– Тогда не будет между нами мира, когда камень станет плавать, а хмель тонуть.
Монах-летописец усердно изображает Владимира обыкновенным бандитом, который помышляет только о том, как бы успешней ограбить соседа и наложить на него как можно больше даней и пошлин. Врет монах-летописец недаром. Человек фанатичный, но немудрящий, он тут же невольно и проговаривается, уверяя потомков, что год спустя болгары направляют в Киев своих проповедников «магометанской веры».

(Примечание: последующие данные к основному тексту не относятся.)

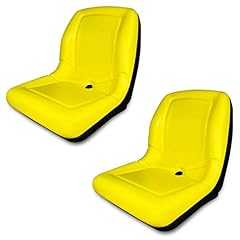 Trac seats high for sale  Delivered anywhere in USA 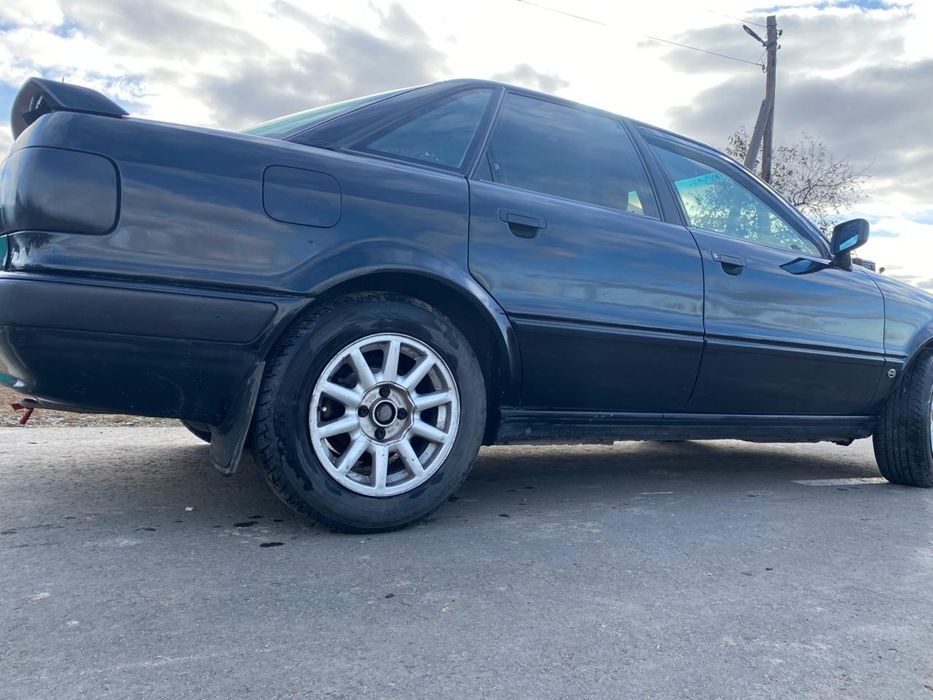 Продам Айди 80 Б4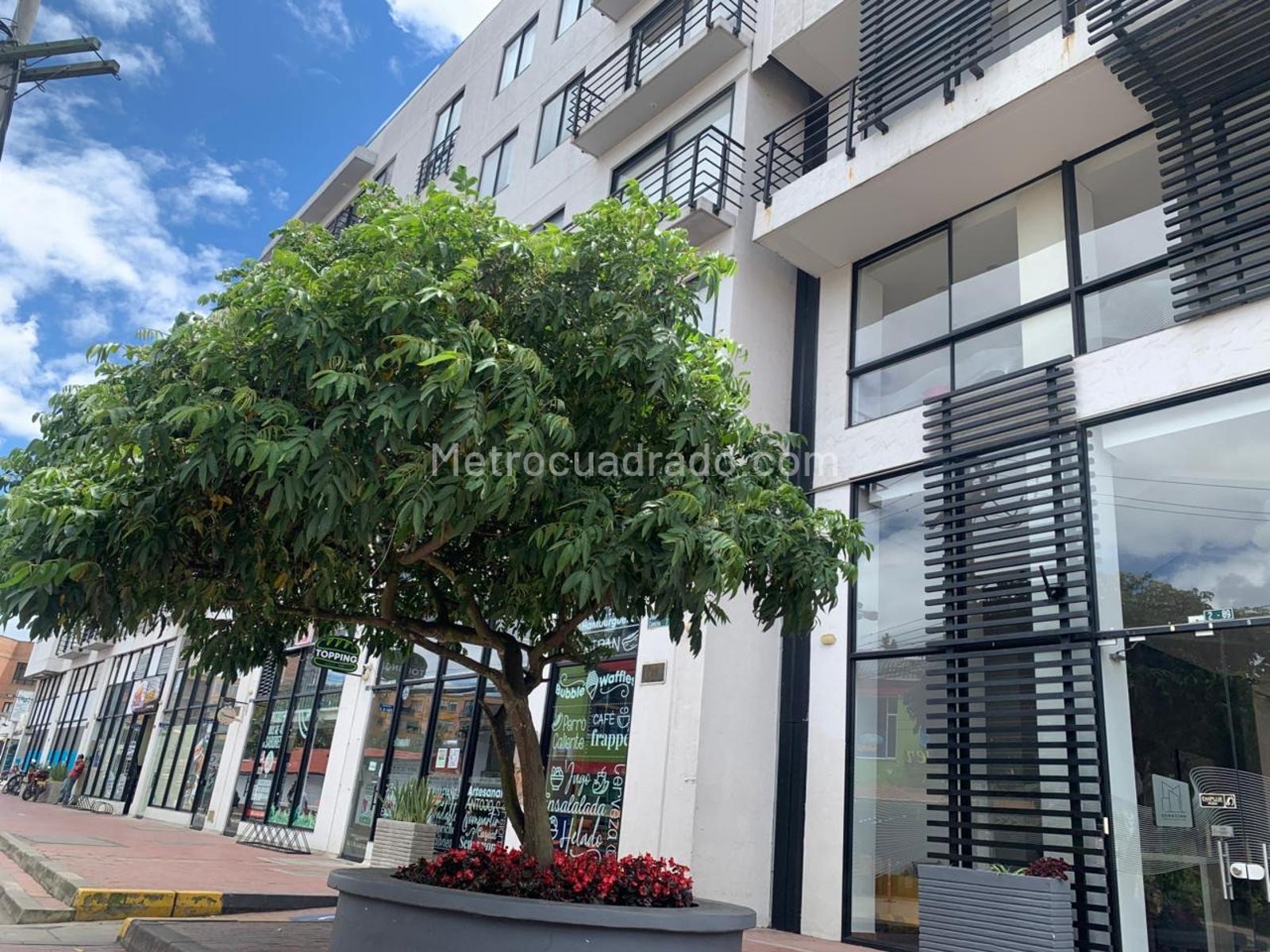 Foto del apartamento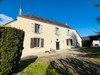French property for sale in Saint-Cyr-en-Pail, Mayenne - €196,000 - thumbnail 9
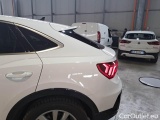  Audi  Q3 AUDI  SPORTBACK / 2019 / 5P / SUV 35 TDI S TRONIC BUSINESS PLUS #71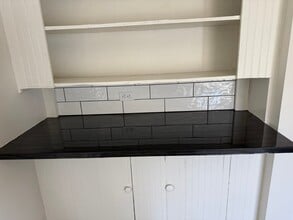 100 Brook St, Unit 2 in Corry, PA - Foto de edificio - Building Photo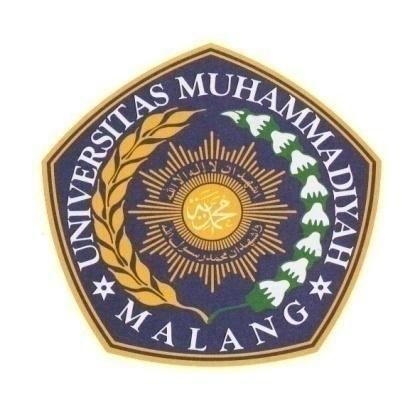 STUDI ALTERNATIF PERENCANAAN STRUKTUR ATAS JEMBATAN MENGGUNAKAN RANGKA BAJA PADA JEMBATAN GROBOGAN KABUPATEN LUMAJANG JAWA TIMUR TUGAS AKHIR Diajukan Kepada Fakultas Teknik Universitas Muhammadiyah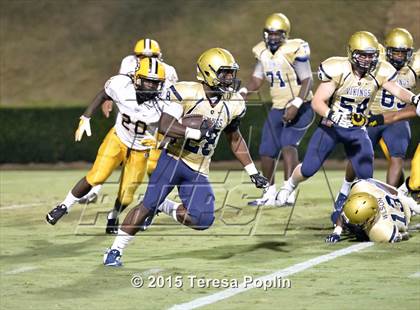 Thumbnail 1 in Greenwood @ Spartanburg photogallery.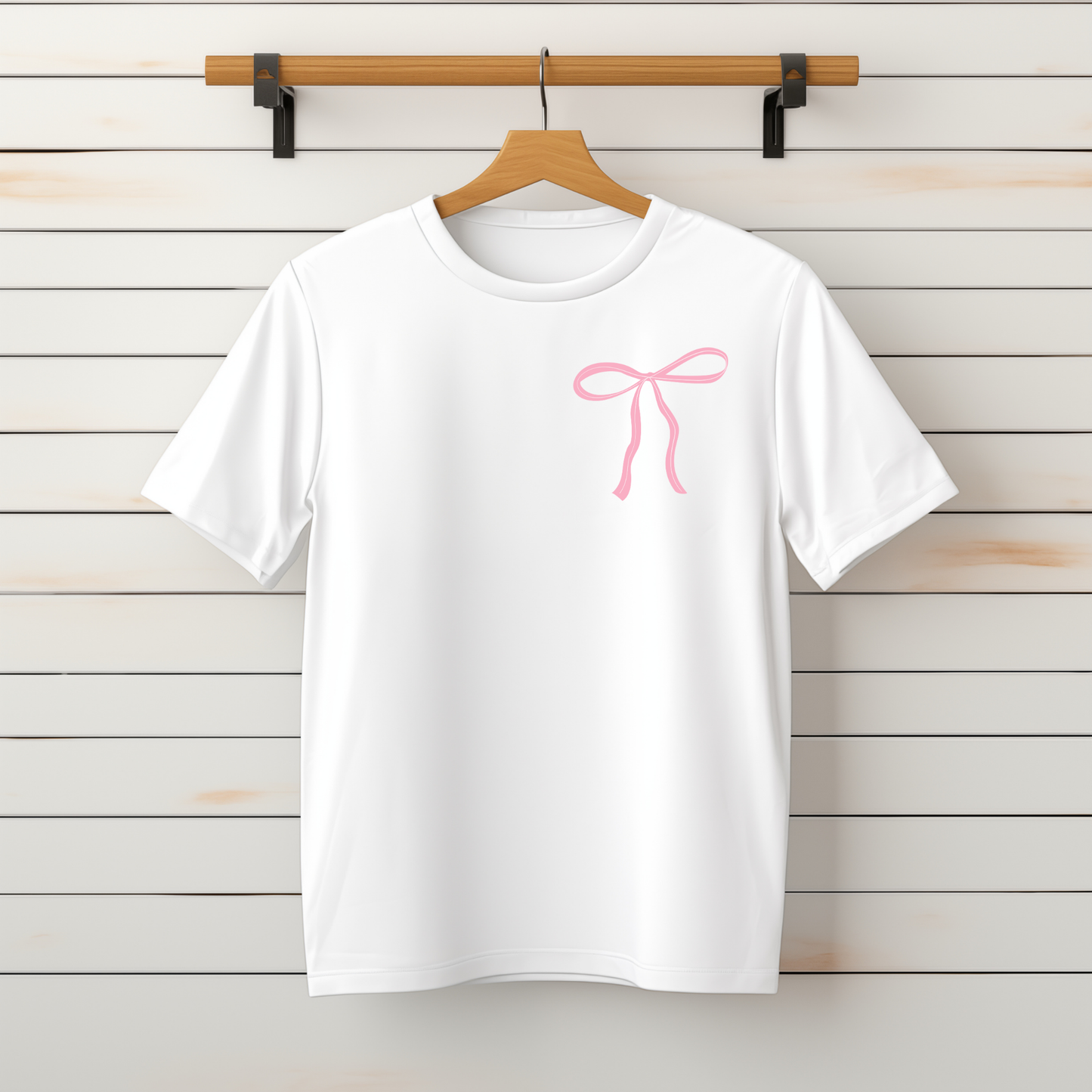 "You're Like Really Pretty" Tee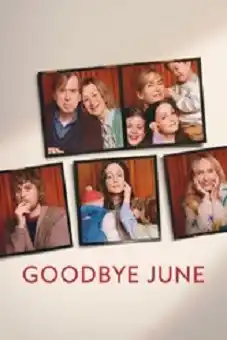 Goodbye-June-2025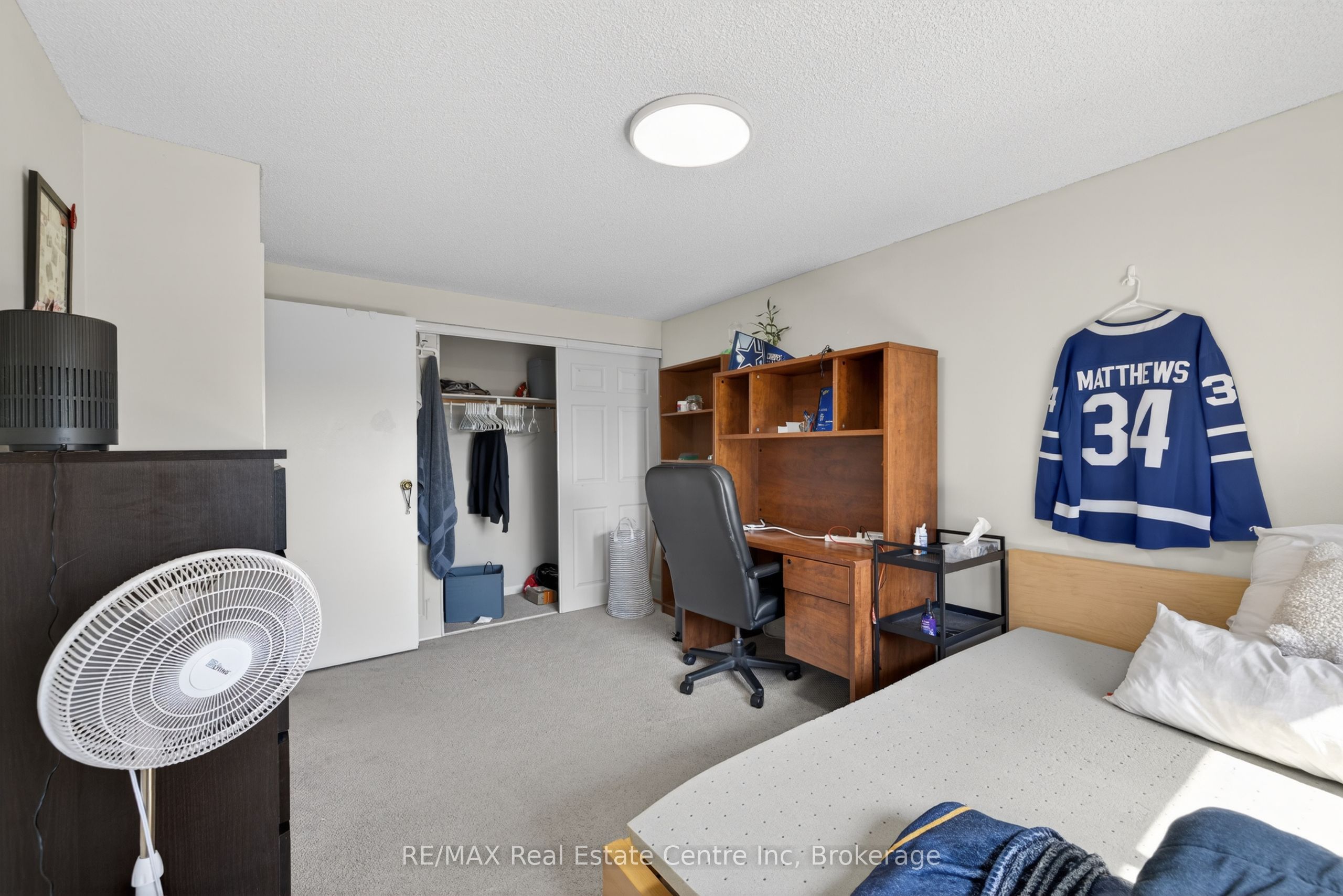 137 Dovercliffe Road Property Photo 19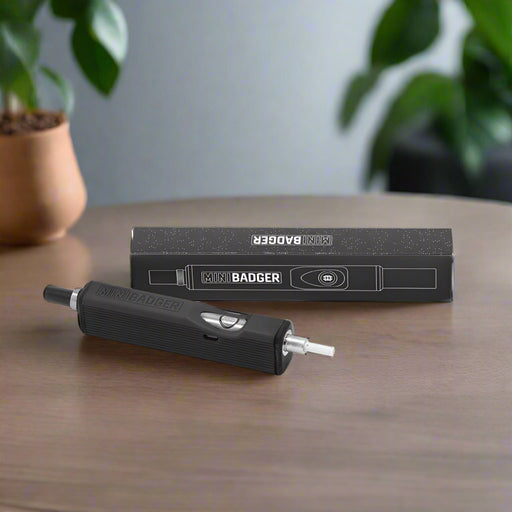 Portable Concentrate Vaporizers | Dab Pens For Wax Kush Cargo Portable Concentrate Vaporizers | Dab Pens For Wax Kush Cargo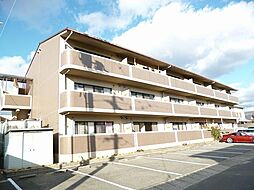 アーバン新徳田
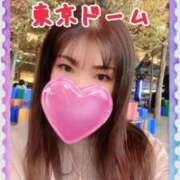 ヒメ日記 2025/11/09 19:49 投稿 みさき 横浜痴女性感フェチ倶楽部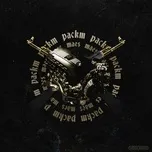 Download nhạc Pack M (Single) Mp3 online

Пером монаха-летописца явным образом водит религиозная ненависть. Какая может быть у болгар магометанская вера? Болгары давным-давно приняли христианство, причем приняли его из Восточной Римской империи. Монах-летописец не знает об этом, точно так же, как Владимир не знает о жизни и быте болгар? Знает, конечно, тем не менее врет во все тяжкие, таким образом передавая слова проповедников:
– Ты, князь, мудр и смыслен, а закона не знаешь. Уверуй в закон наш и поклонись Магомету.
Владимир не только выслушивает всю эту дичь, но и сам будто бы знает, что перед ним мусульмане, о которых он тоже будто бы слышит впервые, а потому задает проповедникам из православной Болгарии дурацкий вопрос:
– А в чем ваша вера?
И фантастические болгары, которых отчего-то не переносит монах-летописец, плетут ещё большую дичь:
– Веруем в Бога, и учит нас Магомет так: совершать обрезание, не есть свинины, не пить вина, зато по смерти можно творить блуд с женами. Даст Магомет каждому по семидесяти красивых жен, и изберет одну из них красивейшую и будет ему женой. Здесь же следует невозбранно предаваться всякому блуд. Если кто беден на этом свете, то и на том.
Видимо, на этом его фантазия истощается, и монах-летописец просто бранится:
«И другую всякую ложь говорили, о которой и писать стыдно».
Владимир будто бы слушает их с удовольствием, потому что сам любит блуд, потому что «наложниц было у него триста в Вышгороде, триста в Белгороде и двести на Берестове, в сельце, которое называют сейчас Берестовое, и был он ненасытен в блуде, приводя к себе замужних женщин и растлевая девиц», однако не любо ему обрезание и воздержание от вина и свинины. По этому поводу он будто бы произносит явно выдуманные слова, которые и по сей день гуляют по просторам веселой Руси:
– Руси есть веселие питии, не можем без этого быть.